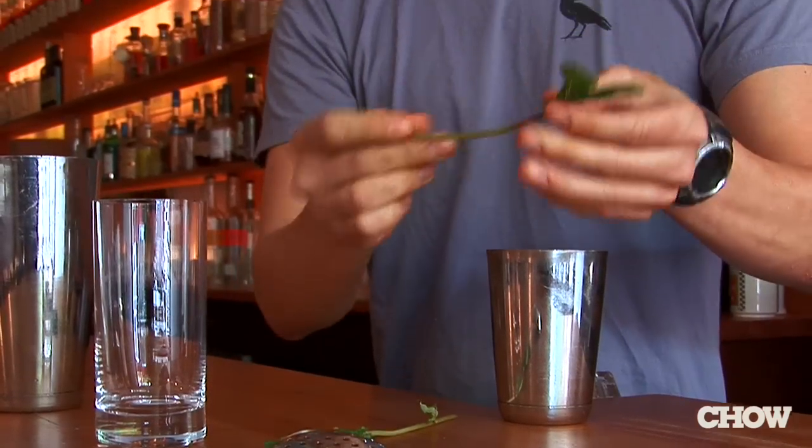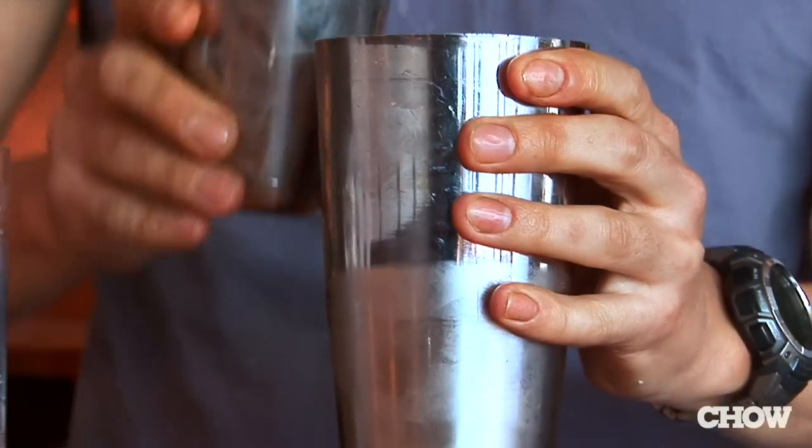That's about four to eight mint leaves. Ice goes into the mixing tin. We shake vigorously. We don't need to muddle the mint — just shaking is enough for it to give up its flavor.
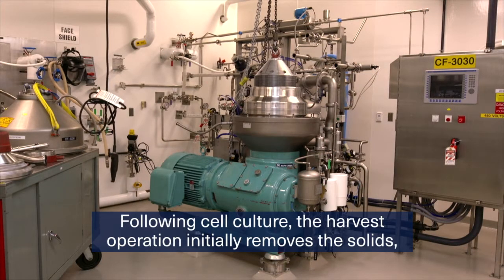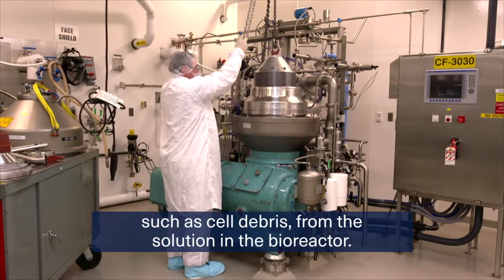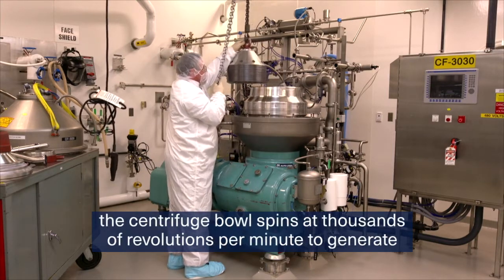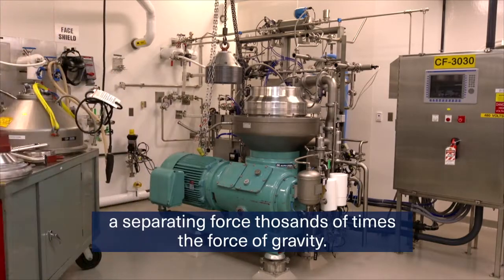Following cell culture, the harvest operation initially removes the solids, such as cell debris, from the solution in the bioreactor. One method to do this is disk stack centrifugation, in which the centrifuge bowl spins at thousands of revolutions per minute to generate a separating force thousands of times the force of gravity.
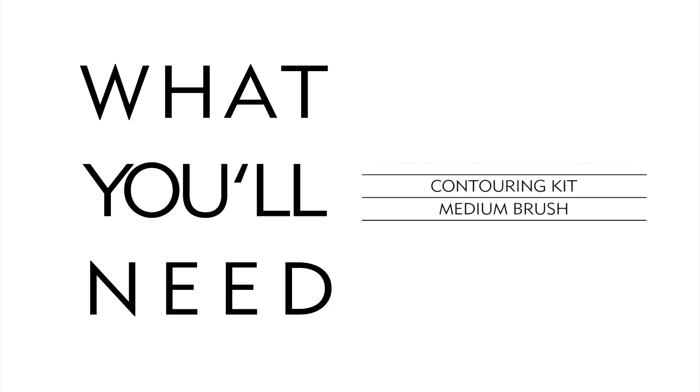First, here's what you're going to need to contour correctly: an angled contouring brush, a contouring kit, and a medium brush.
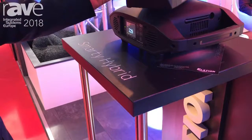For more information on the new Smarty Hybrid, make sure to visit our website at alationlighting.com.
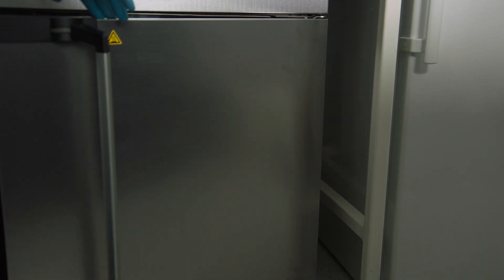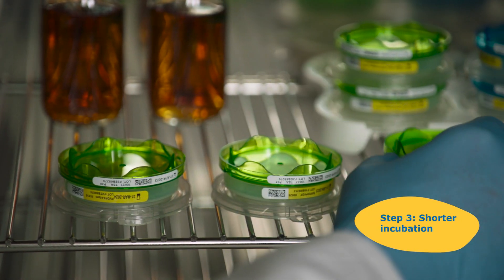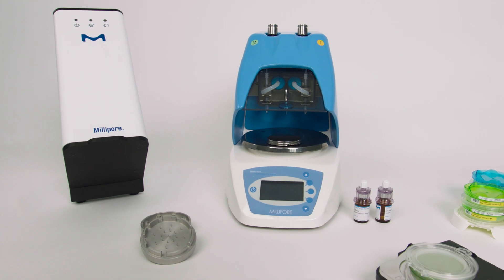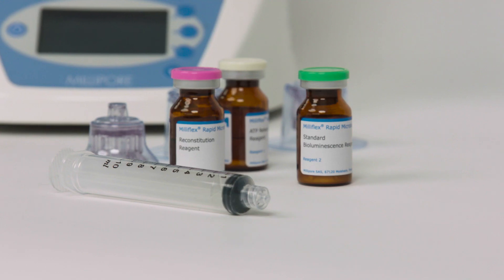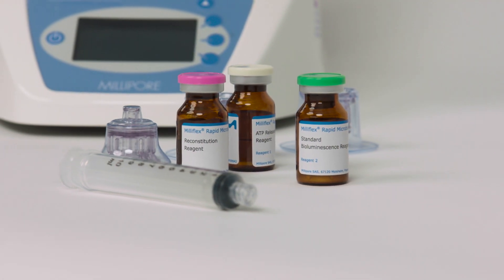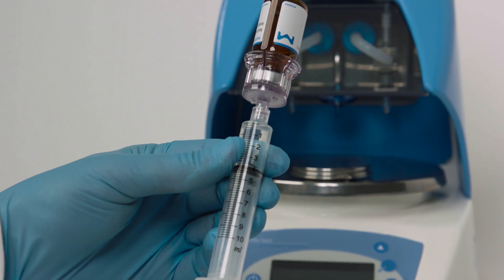Incubation takes only a quarter as long as for traditional detection methods such as membrane filtration and pour plates, thanks to the sensitivity of ATP bioluminescence technology. Colonies are detected at an earlier growth stage to deliver much faster results.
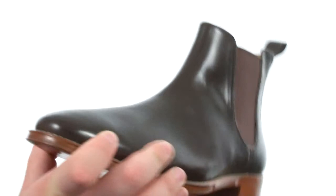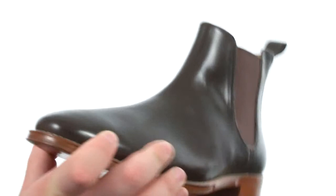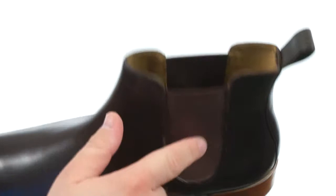This beautiful boot is quite sturdy in construction. It has an upper crafted from beautiful smooth leather. There's some detailed stitching. You also have goring on either side of the shaft coupled with a pull tab at the heel for easy on and off, and all of that rests triumphantly atop a luscious leather outsole.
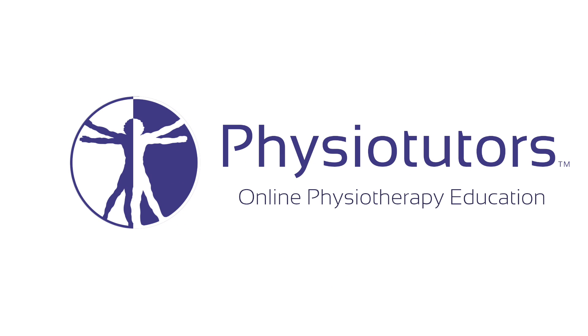In this video, we are going to show you the triple compression stress test for tarsal tunnel syndrome. Hi, and welcome back to PhysioTutors.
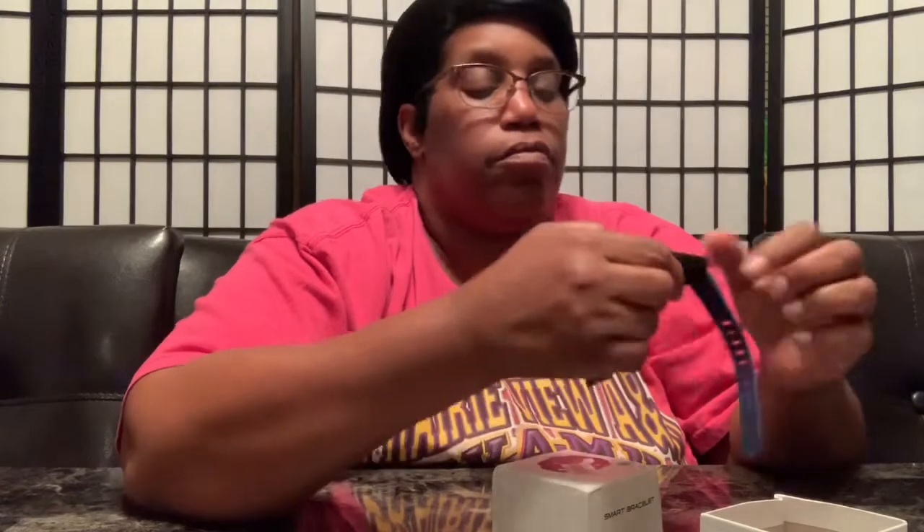I forgot how you put on the watch. So this goes here, and this one goes here. So when you put it on, yeah, it's like that. I hope I don't have it upside down — and it looks like I do. I think this little circle is the button. I got to charge it up because I got it upside down.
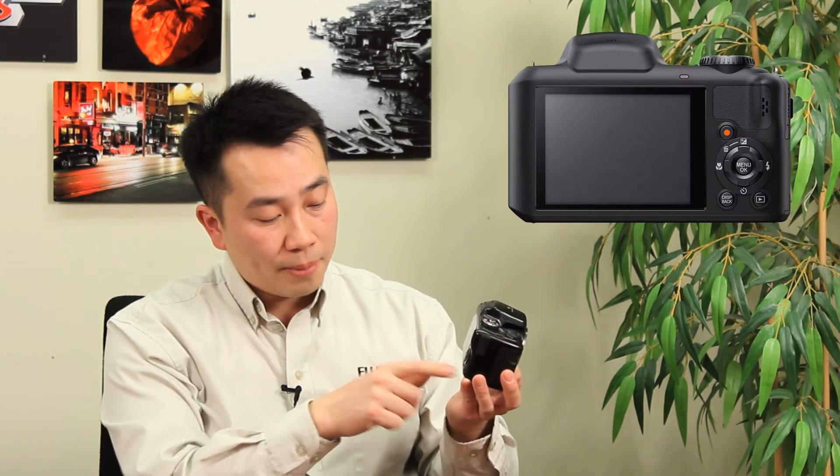You've got your flash controls and your self-timer function button, so you can do a self-timer shot by putting the camera on the tripod. You've got the menu OK button to confirm settings, and the directional pad allows you to navigate the menu system. The playback button toggles between shooting and reviewing your images on the screen. The display button toggles the screen display — if you don't want any information on screen you can push it for a clean view, or if you like the rule of thirds you can turn on the grid lines.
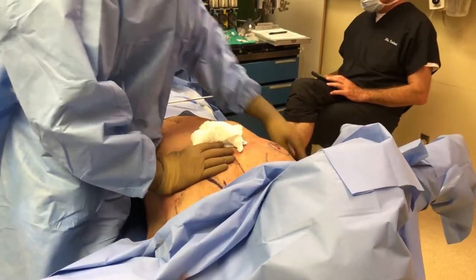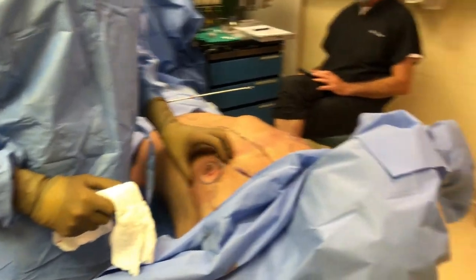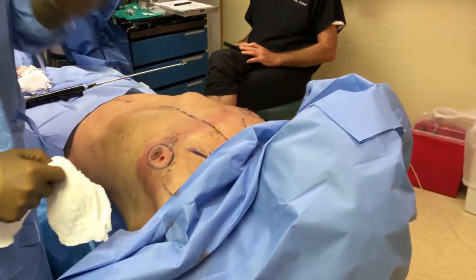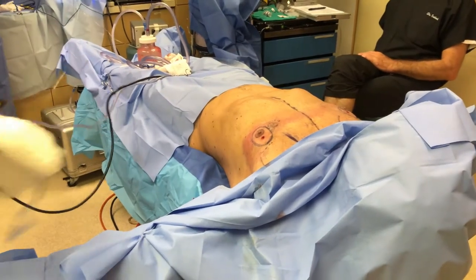Three, two, one. All right, here we have our patient. What we're going to do — we're doing our liposuction right now for excess. Then we're going to do our pectopexy. Not a mastopexy, that's for women. This is a man, we're doing a pectopexy.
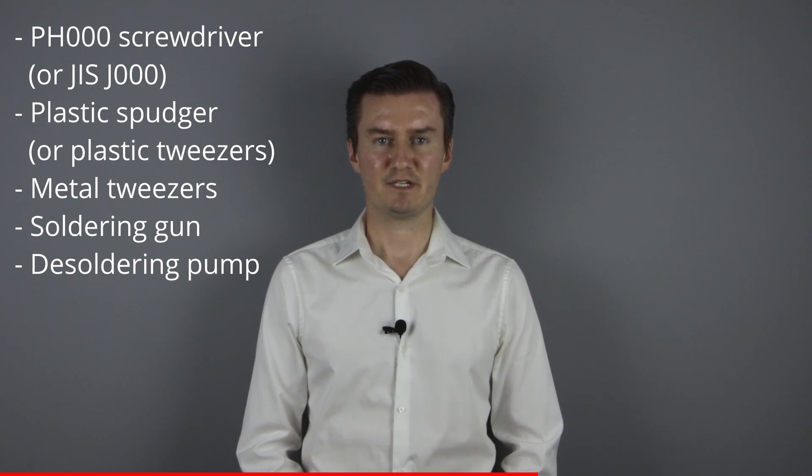Before I start, let me talk about the tools I've used to disassemble the camera. I've used a Phillips 30 screwdriver, a plastic spudger, metal tweezers, a soldering gun and a desoldering pump. If you are interested in buying them, the links are in the description below.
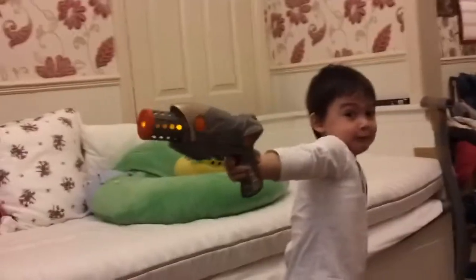Alright, thank you very much! Say bye now! Bye bye! Bye, Bruce! Bye!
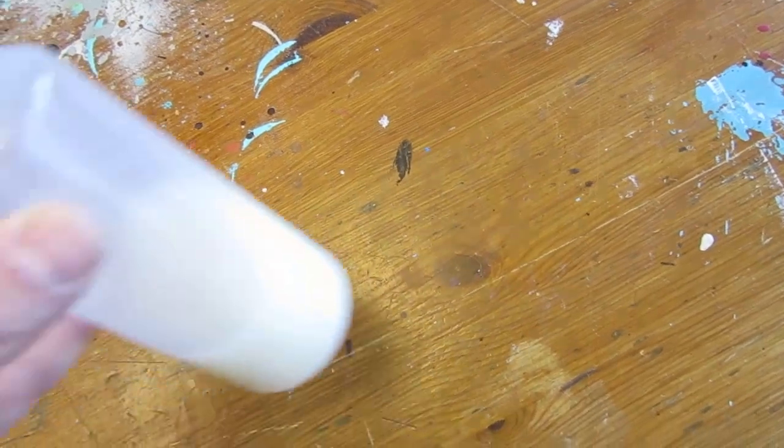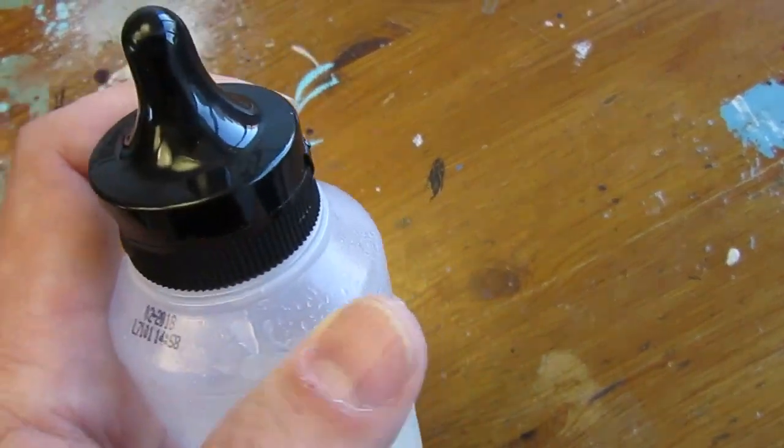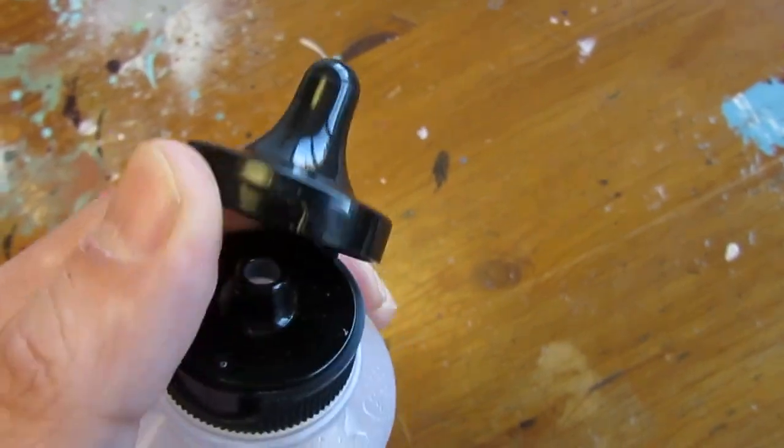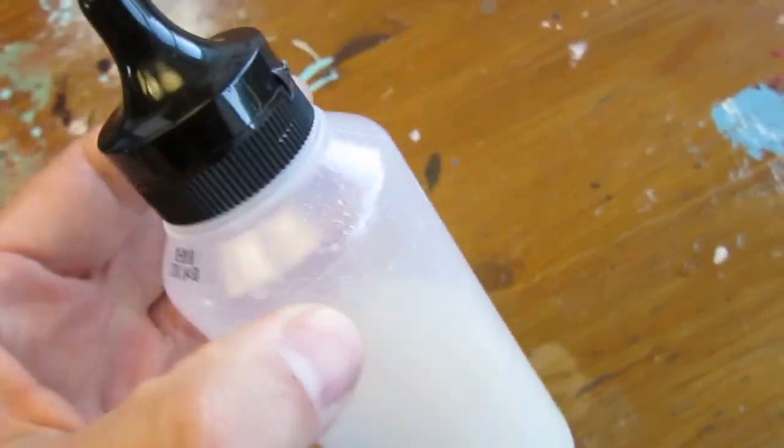To keep the glue the longest, store it in a closed container, as this will prevent the water from evaporating. Place also the container in the fridge, as this will slow down the aging process. If you follow those two rules, you can keep the glue for about one week.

--

Exercise directions: Your task is to retype the listing exactly, without its pictures.

Solution to this task:
That's about four to eight mint leaves. Ice goes into the mixing tin. We shake vigorously. We don't need to muddle the mint — just shaking is enough for it to give up its flavor.
Following cell culture, the harvest operation initially removes the solids, such as cell debris, from the solution in the bioreactor. One method to do this is disk stack centrifugation, in which the centrifuge bowl spins at thousands of revolutions per minute to generate a separating force thousands of times the force of gravity.
First, here's what you're going to need to contour correctly: an angled contouring brush, a contouring kit, and a medium brush.
For more information on the new Smarty Hybrid, make sure to visit our website at alationlighting.com.
Incubation takes only a quarter as long as for traditional detection methods such as membrane filtration and pour plates, thanks to the sensitivity of ATP bioluminescence technology. Colonies are detected at an earlier growth stage to deliver much faster results.
This beautiful boot is quite sturdy in construction. It has an upper crafted from beautiful smooth leather. There's some detailed stitching. You also have goring on either side of the shaft coupled with a pull tab at the heel for easy on and off, and all of that rests triumphantly atop a luscious leather outsole.
In this video, we are going to show you the triple compression stress test for tarsal tunnel syndrome. Hi, and welcome back to PhysioTutors.
I forgot how you put on the watch. So this goes here, and this one goes here. So when you put it on, yeah, it's like that. I hope I don't have it upside down — and it looks like I do. I think this little circle is the button. I got to charge it up because I got it upside down.
You've got your flash controls and your self-timer function button, so you can do a self-timer shot by putting the camera on the tripod. You've got the menu OK button to confirm settings, and the directional pad allows you to navigate the menu system. The playback button toggles between shooting and reviewing your images on the screen. The display button toggles the screen display — if you don't want any information on screen you can push it for a clean view, or if you like the rule of thirds you can turn on the grid lines.
Three, two, one. All right, here we have our patient. What we're going to do — we're doing our liposuction right now for excess. Then we're going to do our pectopexy. Not a mastopexy, that's for women. This is a man, we're doing a pectopexy.
Before I start, let me talk about the tools I've used to disassemble the camera. I've used a Phillips 30 screwdriver, a plastic spudger, metal tweezers, a soldering gun and a desoldering pump. If you are interested in buying them, the links are in the description below.
Alright, thank you very much! Say bye now! Bye bye! Bye, Bruce! Bye!
To keep the glue the longest, store it in a closed container, as this will prevent the water from evaporating. Place also the container in the fridge, as this will slow down the aging process. If you follow those two rules, you can keep the glue for about one week.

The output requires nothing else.